Can anyone remember the first time they played Driver? This was a game that delivered a 3D sandbox world on the original PlayStation a full two years before GTA III came along and claimed the sandbox genre as its own personal parking space. (We’ll conveniently ignore Turbo Esprit from 1986, if you’ll allow us.)
Now, if you answered “yes” to that opening question, imagine yourself all those years ago. You had more hair, less of a gut and were probably marveling along with friends at the expensive technical wizardry reclining luxuriously beneath your TV, churning out Driver at a defiant level of visual fidelity.
Imagine then, that a man from the future wearing a suit made out of tin-foil, complete with matching self-lacing Nikes, strolled into your living room brandishing an iPhone. He points at the TV and tells you, “I’ve got a mobile phone that can do that, only, it’s not just a phone – it’s also an MP3 player.”

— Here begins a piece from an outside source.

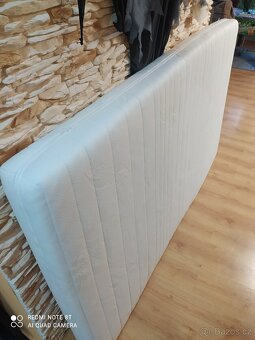 MATRACE ALOE VERA 120x200x16cm - 4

Your first response would naturally be, “What’s an MP3 player?”, after which you would no doubt tell Christopher Lloyd that you don’t allow nonsense-spouting vagrants into your home uninvited, no matter how spectacularly attired.
The thing is, the reality that we all mockingly speculated about back in the PS1’s heyday is finally upon us, and it only took ten years. Of course, Driver isn’t the first console game to be replicated faithfully on a mobile phone, and there are many iPhone titles out there that are much more impressive.
The thing is, when Driver came out on the PS1, its open-world gameplay was a technological feat comparable to flying cars, time-traveling toasters and artificially intelligent toothbrushes. Well maybe not quite, but you get the idea. So, effectively, if this is any sort of pattern, the most impressive games of today’s home consoles will be the moderately enjoyable remakes of mobile gaming ten years from now.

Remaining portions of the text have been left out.